Anlieger Ralf Mock, der als Gewerbetreibender keinen Anwohnerparkausweis erhält und deshalb jetzt nicht mehr in der Nähe seines eigenen Geschäfts parken kann, zweifelt die Messergebnisse des Verkehrsdezernats für die Weißenburgstraße an. Er habe selbst nachgemessen und sei dabei auf eine Fahrbahnbreite von 3,50 Meter gekommen. „Das Problem sind aus meiner Sicht diejenigen, die quer und nicht gerade geparkt haben“, sagt Mock.
Anwohner beobachtet höhere Durchfahrtsgeschwindigkeiten
Seiner Meinung nach hätte die Stadt die Parkplätze vor Ort erhalten können, indem sie links und rechts wenige Zentimeter des Bürgersteigs den Parkstreifen zugeschlagen hätte. Nun liege die Hürde deutlich höher, das Modegeschäft mit dem Auto anzusteuern. „Wir erwarten wirtschaftliche Nachteile“, sagt Mock. Er verstehe nicht, wie die Stadtverwaltung eine solche Entscheidung treffen konnte, ohne über die Konsequenzen vor Ort nachzudenken.

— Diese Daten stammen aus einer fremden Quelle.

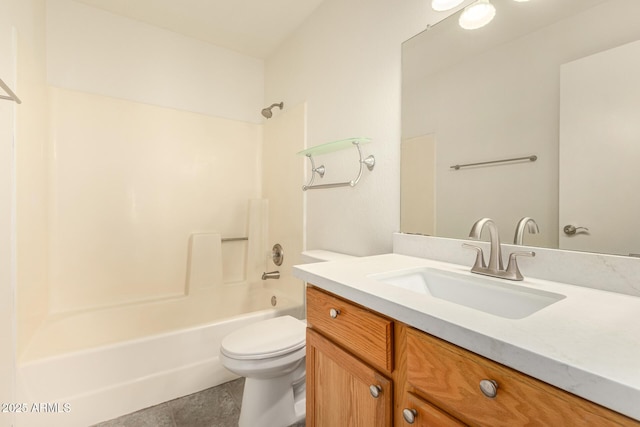 full bathroom featuring tile patterned flooring, vanity, toilet, and bathing tub / shower combination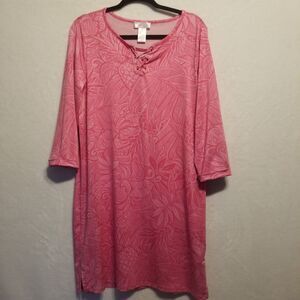 Stella Parker M Dress Pink Tropical Print Lightweight Shift Loungewear Resort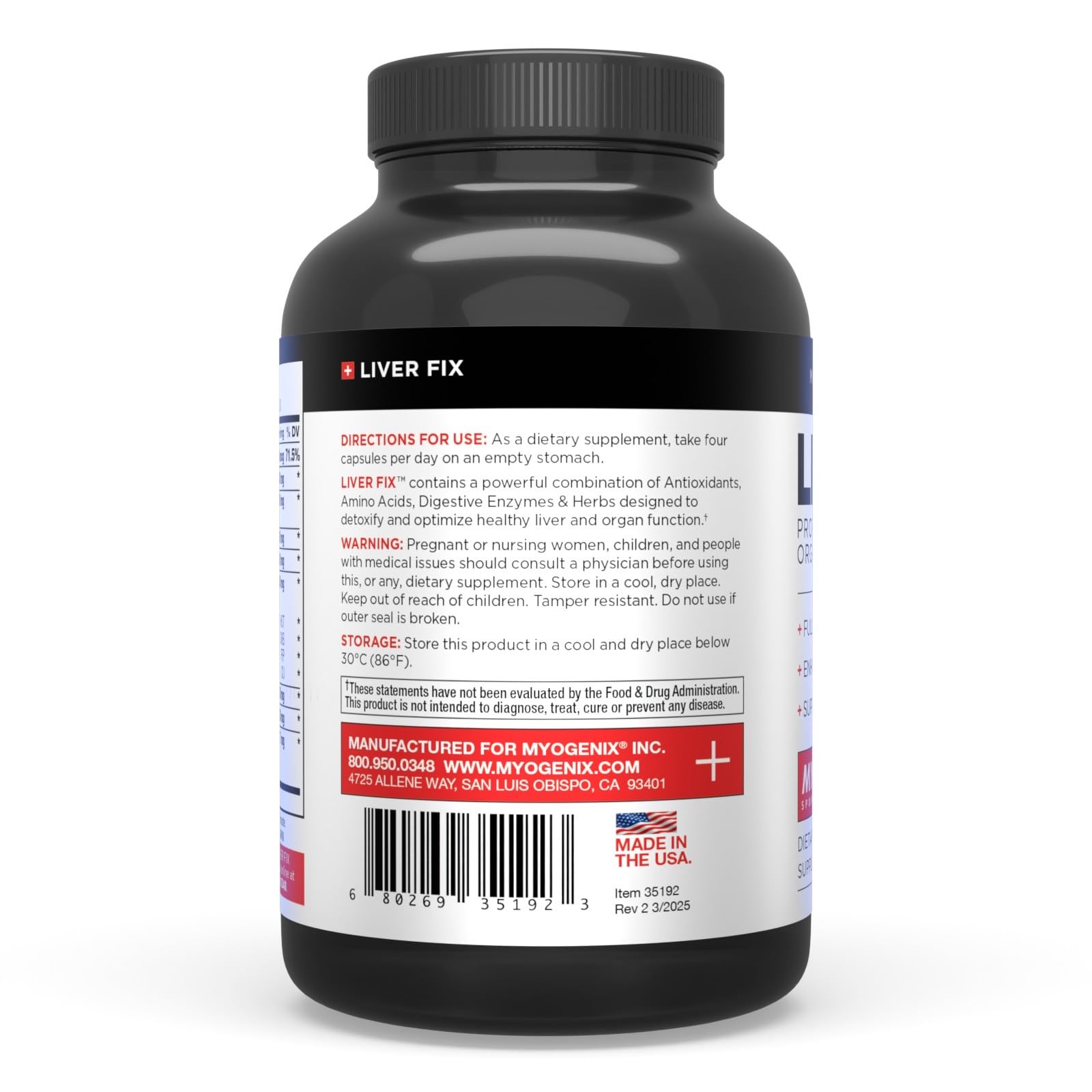 Myogenix etiqueta con datos y dosificación para uso informado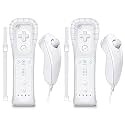 Burcica Controller for Wii Remote and Nunchuck, Wireless Controllers Compatible with Wii/Wii U with Silicone Case and Wrist Strap (White)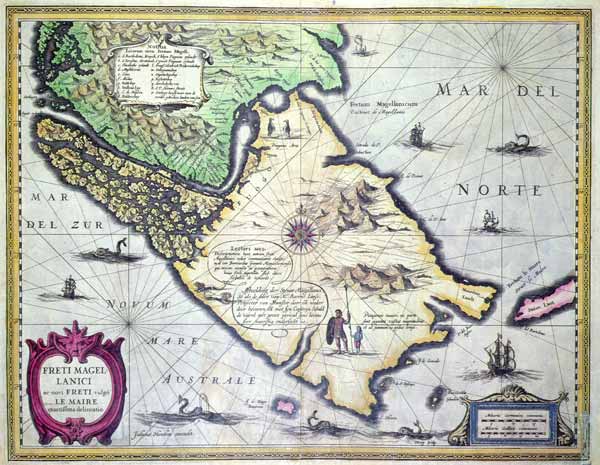 Map of the Magellan Straits, Patagonia a Dutch School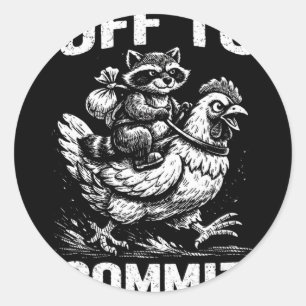 Racoon Riding Chicken Off To Commit Software Deve Classic Round Sticker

Das sieht Andreas Zittlau, Mitglied in der Vollversammlung der Industrie- und Handelskammer und Anwohner im Pantaleonsviertel, ähnlich. Dort entfernte die Stadt 75 der 825 Parkplätze, also fast zehn Prozent. „Das ist hier im Viertel ein echtes Thema“, sagt Zittlau. Es gebe durchaus kritische Ecken, die in der Vergangenheit zugeparkt wurden und an denen die Müllabfuhr nur mit Schwierigkeiten durchkam. „Das Ordnungsamt hätte dagegen allerdings auch konsequent vorgehen können, was aber nicht passierte“, sagt Zittlau.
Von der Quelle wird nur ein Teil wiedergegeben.